Minimally invasive surgery helps husky bounce back from tumor
When Jim McLaren discovered that his dog, Kaija, had a tumor in her chest, he faced a quandary. All of the veterinarians he contacted recommended cutting through the breastbone to open to the chest so they could remove the cancerous mass.
McLaren did everything with Kaija, a 12-year-old Shepherd Husky mix, including taking her on vacations from Maine to Florida. He just couldn’t fathom putting her through such a difficult operation.
“I didn’t think she would survive the surgery or the recovery from it,” he said. “To cut her breastbone down the middle and just split her wide open seemed too much for her to handle at that age.”
While searching for other options online, McLaren found a paper written by Dr. Nicole Buote, associate professor of small animal surgery at the Cornell University College of Veterinary Medicine. The 2008 paper discussed using minimally invasive surgery to remove thymomas, tumors found within the chest cavity.
In early January, he emailed Buote, and three weeks later, he drove Kaija from their home on Long Island to the Cornell University Hospital for Animals (CUHA) for a consultation and ultimately a CT scan.

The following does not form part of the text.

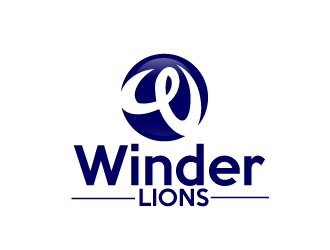 Winder Lions logo design by AamirKhan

The next day, Buote performed the two-hour surgery to remove the thymoma. Instead of opening Kaija’s breastbone, Buote made incisions for three ports in Kaija’s chest: one where her ribcage met her belly to insert a small camera, and two in the front on each side near her armpits, where she dissected the tumor.
One of the ports in the front was enlarged so Buote could insert a sterile bag and place the tumor inside it to prevent cancer cells from spreading internally. She also cut the blood supply to the tumor by sealing the blood vessels.
Buote, who has performed this type of surgery multiple times, is the only veterinarian at Cornell with a certified specialty in small animal minimally invasive surgery from the American College of Veterinary Surgeons. She notes that finding a surgeon in New York state who has experience using this approach for removing thymomas can be difficult.
“There aren’t a lot of people who are doing advanced minimally invasive surgeries, particularly for thymomas,” she said.
The advantage of minimally invasive surgery is that both the procedure and the recovery are quicker than if the dog’s breastbone were cut open in what is called a median sternotomy. “That’s a perfectly acceptable surgery,” Buote said. “It’s just that it doesn’t have to happen. If you can take the tumor out with small incisions, it’s better for the patient.”
Kaija’s age was never a factor in determining whether to perform the surgery, Buote said. “I don’t look at age as a disease. The only reason not to take a dog to surgery is if she’s got other diseases, such as really bad heart disease or really bad kidney disease, and she can’t be safely anesthetized. There are dogs that can’t go under anesthesia, but those are few and far between.”
Following the surgery, Kaija was kept at CUHA for three days and will get a chest x-ray every three to six months to make sure that the tumor hasn’t grown back. After refraining from vigorous exercise for three weeks, Kaija was back to her normal routine.
“I couldn’t have asked for a better outcome, from how fast Dr. Buote helped us to the quality of her work,” McLaren said. “She truly cares for her patients and went above and beyond expectations. It’s obvious she loves her job.”
Buote advises dog owners whose pets are diagnosed with cancer or other diseases to explore options for treatment. McLaren is the perfect example of an owner who researched the types of surgery available for his dog, she said. “I am glad that minimally invasive surgery was an option for Kaija and that we saw such a rewarding outcome.”